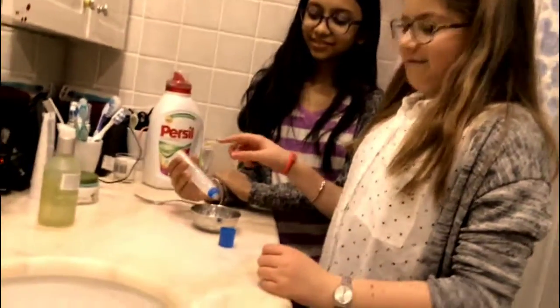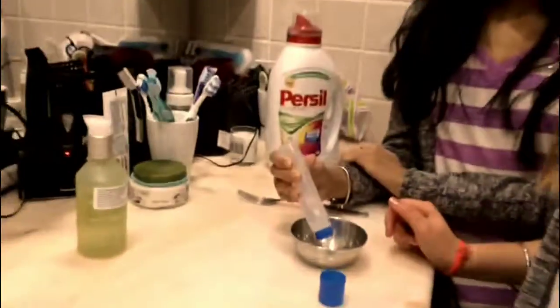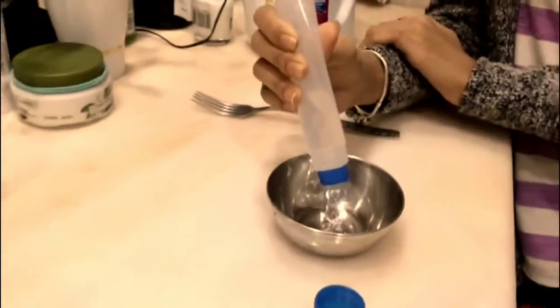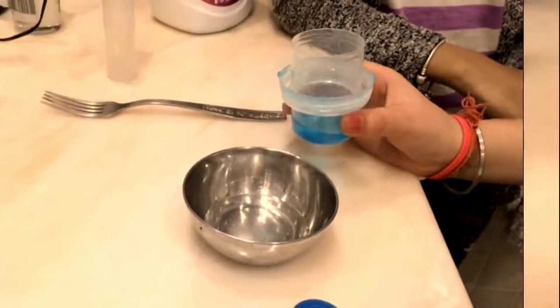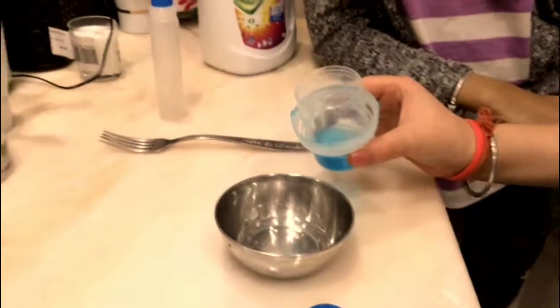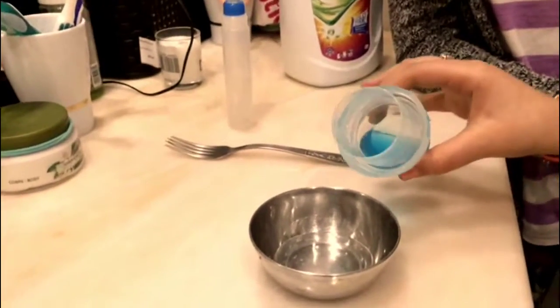So we need one full bottle of glue and just pour it in your bowl. Then we will need to put half a tablespoon of detergent.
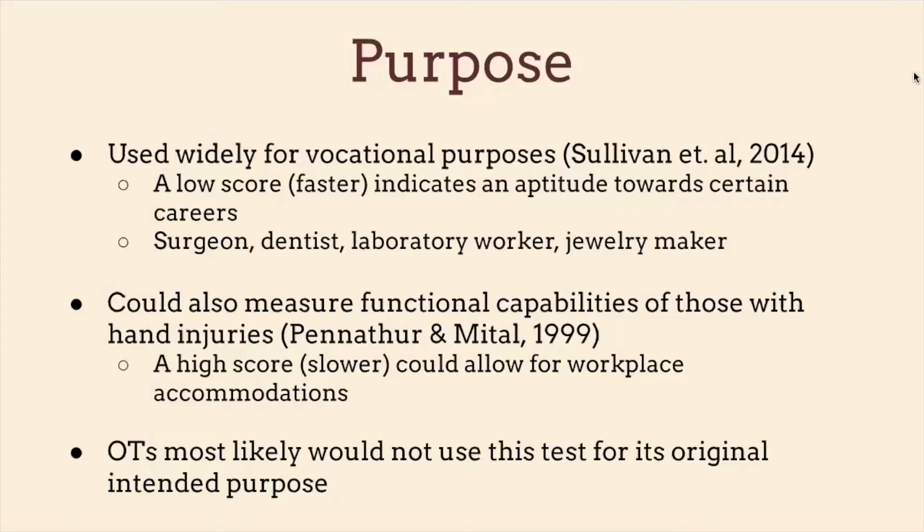OTs mostly would not use this test for its original intended purpose. We might care about how fast a person completes the assessment, but more likely if we're using this with a client we'd be looking at other skills the assessment tests — though I won't get into that because that is my discussion post.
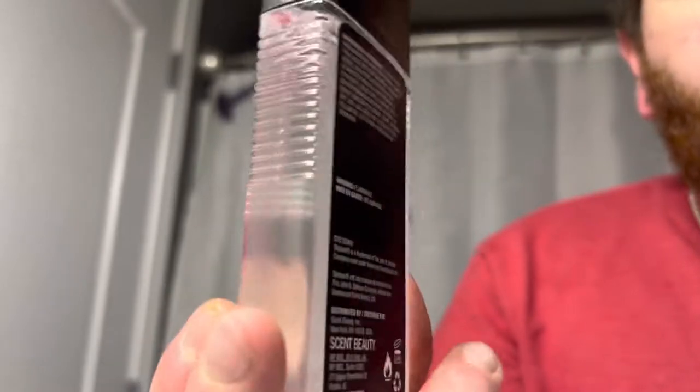Now that we've taken a look at Stetson Original, let's take a look at Stetson Black. Here it is — clear liquid, like a normal cologne. Once again, plastic bottle with those super ergonomical grips. I'm not really getting too much from the Stetson Black smelling it from the cap, so we're going to have to do the unthinkable — we're going to have to spray the other arm.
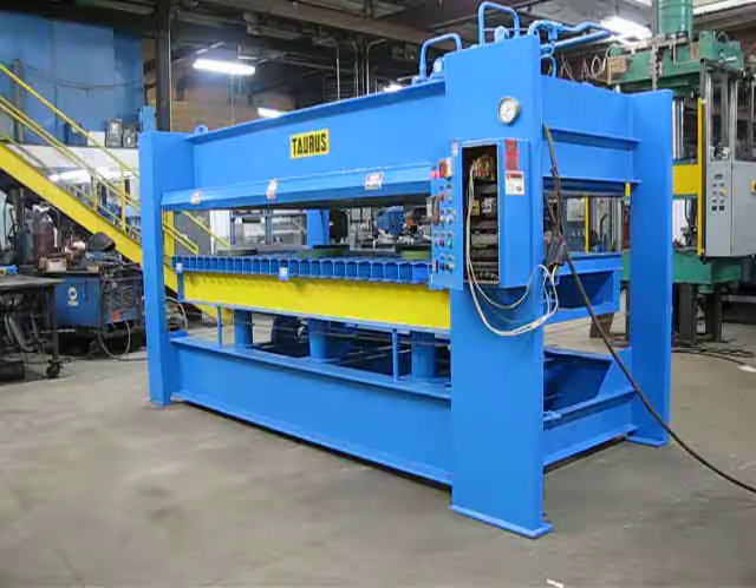This is press inventory number 2276. It's a hundred-ton up-acting frame style press.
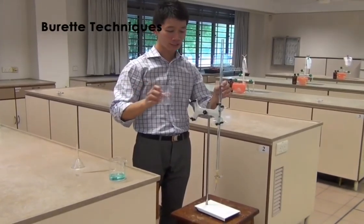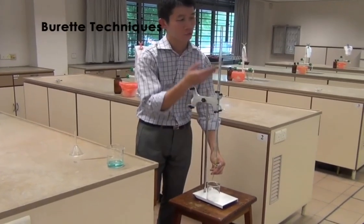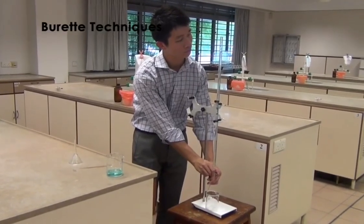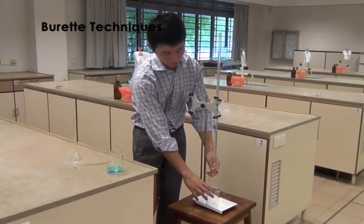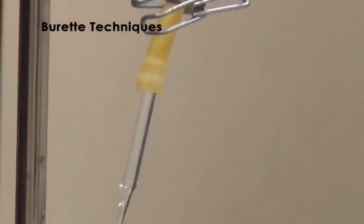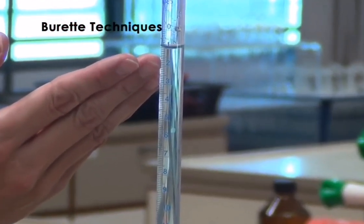Position the waste beaker at the bottom of the burette. Now, open the clip to empty the solution until a marking that you are comfortable to start the titration with. Once you are done, ensure that there are no air bubbles on the tip of the burette. Observe the solution level at eye level using the bottom of the meniscus as a guide. This will be the initial reading that you will record down for your burette reading.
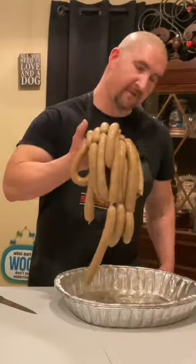Gotta go really slow with these, don't want to break them. Five pounds of hot dogs, ready to be smoked.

(AIM OF THE EXERCISE):
The expected result is the complete listing above, printed exactly, with no pictures.

(THE COMPLETED TASK):
So we need one full bottle of glue and just pour it in your bowl. Then we will need to put half a tablespoon of detergent.
OTs mostly would not use this test for its original intended purpose. We might care about how fast a person completes the assessment, but more likely if we're using this with a client we'd be looking at other skills the assessment tests — though I won't get into that because that is my discussion post.
Now that we've taken a look at Stetson Original, let's take a look at Stetson Black. Here it is — clear liquid, like a normal cologne. Once again, plastic bottle with those super ergonomical grips. I'm not really getting too much from the Stetson Black smelling it from the cap, so we're going to have to do the unthinkable — we're going to have to spray the other arm.
This is press inventory number 2276. It's a hundred-ton up-acting frame style press.
Position the waste beaker at the bottom of the burette. Now, open the clip to empty the solution until a marking that you are comfortable to start the titration with. Once you are done, ensure that there are no air bubbles on the tip of the burette. Observe the solution level at eye level using the bottom of the meniscus as a guide. This will be the initial reading that you will record down for your burette reading.
Gotta go really slow with these, don't want to break them. Five pounds of hot dogs, ready to be smoked.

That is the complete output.